Segment Start: Provided data
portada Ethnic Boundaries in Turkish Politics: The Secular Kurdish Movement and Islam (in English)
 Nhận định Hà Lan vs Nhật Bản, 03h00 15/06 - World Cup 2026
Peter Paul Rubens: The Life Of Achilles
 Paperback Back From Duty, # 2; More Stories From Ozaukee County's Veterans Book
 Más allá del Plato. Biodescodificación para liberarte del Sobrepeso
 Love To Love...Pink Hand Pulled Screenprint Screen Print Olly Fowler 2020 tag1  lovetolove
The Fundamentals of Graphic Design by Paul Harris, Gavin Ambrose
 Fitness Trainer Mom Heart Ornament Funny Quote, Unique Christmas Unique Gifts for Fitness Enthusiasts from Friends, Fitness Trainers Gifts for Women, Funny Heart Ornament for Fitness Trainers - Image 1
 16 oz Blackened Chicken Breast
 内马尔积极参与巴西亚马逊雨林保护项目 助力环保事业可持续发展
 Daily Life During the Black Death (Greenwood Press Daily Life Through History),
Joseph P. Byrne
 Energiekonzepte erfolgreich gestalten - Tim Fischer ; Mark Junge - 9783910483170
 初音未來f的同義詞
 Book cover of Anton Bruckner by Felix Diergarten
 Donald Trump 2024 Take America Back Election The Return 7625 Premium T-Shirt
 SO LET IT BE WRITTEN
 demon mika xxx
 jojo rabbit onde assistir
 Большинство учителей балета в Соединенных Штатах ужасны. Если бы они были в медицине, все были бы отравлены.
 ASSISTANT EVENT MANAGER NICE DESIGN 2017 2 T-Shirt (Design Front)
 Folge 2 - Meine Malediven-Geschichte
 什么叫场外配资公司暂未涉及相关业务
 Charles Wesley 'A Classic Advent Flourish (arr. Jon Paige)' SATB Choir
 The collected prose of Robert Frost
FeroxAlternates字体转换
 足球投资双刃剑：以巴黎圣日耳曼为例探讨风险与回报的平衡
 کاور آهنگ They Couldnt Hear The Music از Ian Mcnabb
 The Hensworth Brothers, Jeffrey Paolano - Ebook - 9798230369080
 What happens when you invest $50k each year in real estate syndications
Segment End: Provided data
#### [Assigned task]
Lines from the one holding "The collected prose of Robert Frost" through the last line of the material are to be repeated exactly; no other lines belong in the answer.

#### [Exercise result]
 The collected prose of Robert Frost
FeroxAlternates字体转换
 足球投资双刃剑：以巴黎圣日耳曼为例探讨风险与回报的平衡
 کاور آهنگ They Couldnt Hear The Music از Ian Mcnabb
 The Hensworth Brothers, Jeffrey Paolano - Ebook - 9798230369080
 What happens when you invest $50k each year in real estate syndications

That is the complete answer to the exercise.